Senior Oklahoma school official says teachers can talk about race killing – if they pay attention to the race part

Teaching children about the Tulsa Race Massacre is completely acceptable, according to Oklahoma school superintendent Ryan Walters. Teachers just need to make sure no one feels “uncomfortable” about it.

At a forum in Norman, Oklahoma, on Thursday, a resident asked Walters how teaching about the massacre — in which dozens of white vigilantes terrorized a black neighborhood for two days — was wrong with him. against the state’s ban on race-critical theory.

“I would never tell a child that because of your race, the color of your skin, your gender or anything like that, you are less of a person or are inherently racist. That doesn’t mean you don’t judge the actions of individuals.” walters said. “Oh, you can. Absolutely, historically you should. ‘It was true. It was wrong. They did it for that reason. But to say it was inherent in it because of their skin, that’s is where I say this is a critical theory of race. You say race defines a person.

On Friday, Walters tried to clarify his thoughts in a statement in which he accused the media of trying to “create a false controversy.”

“Let me be perfectly clear that history must be taught with precision: 1. The Tulsa Race Massacre is a terrible mark in our history. The events of that day were racist, diabolical and inexcusable Individuals are responsible for their actions and must be held accountable,” he said. “2. Children should never feel bad or say they are inferior because of the color of their skin.

Critical race theory, typically taught in college-level university courses, suggests that systemic racism underlies much of American politics. But in the years since a Minneapolis police officer murdered black man George Floyd, conservatives have seized on the term and misinterpreted it to mean talking about racism and history — and blaming children. whites to be whites in the process. The moral panic surrounding critical race theory has expanded further to include topics such as diversity and LGBTQ+ rights, which conservatives derisively call “wake-up calls.”

The Tulsa Race Massacre began on May 31, 1921, after a black teenage boy was accused of assaulting a white teenage girl. Rumors spread across Tulsa and white vigilantes descended on the part of town known as Black Wall Street due to the concentration of wealth. The attackers spent two days killing and injuring people and burning homes and businesses. About 50 people were killed and thousands more were injured.

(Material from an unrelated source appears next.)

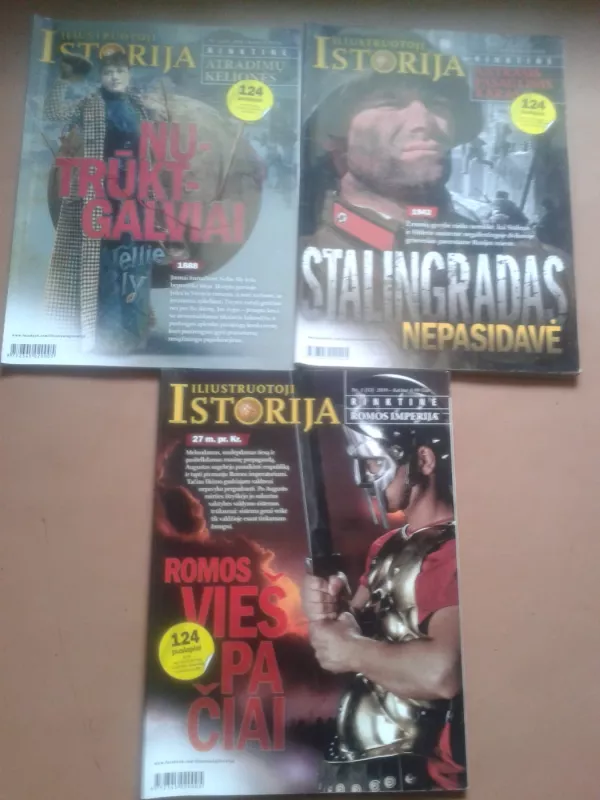 Iliustruotoji istorija. Rinktinė. Antrasis Pasaulinis karas. Romos imperija. Atradimų kelionės. - Autorių grupė, knyga 2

Walters, a former social studies teacher in McAlester, Oklahoma, won the election for state superintendent last November while campaigning extensively to stamp out “revival” and critical race theory in schools. (He also spread a conspiracy theory about kitty litter.)

At a rally for the far-right political organization Moms for Liberty earlier this month in Philadelphia, he wooed attendees by addressing all of the right-wing talking points on education.

“The radicalism that the left has embraced to try to force socialism and Marxism into our classrooms is the most outrageous thing this country has ever seen,” he said to applause.

But in his home country, his views don’t always resonate, even with his fellow Republicans. He has fully embraced the culture warsand other conservative lawmakers criticized him for focusing too much on cultural issues like book censorship instead of funding Oklahoma schools.

After being sworn in, Walters spent months claiming that school libraries provided porn to students. He demonized teachers’ unions, alleging they indoctrinated and abused students, and called them terrorists.

At Thursday’s meeting, he encountered an angry mob.

“No matter how much the radical left attacks me”, walters said. “It doesn’t matter how much the teachers’ union spends against me. I will never stop telling the truth.

It got so rowdy that two people were escort and the locals were disappointed. “I didn’t think that at 68, I should worry about my grandchildren’s public education going backwards instead of forwards,” a participant told a local Fox affiliate after the event.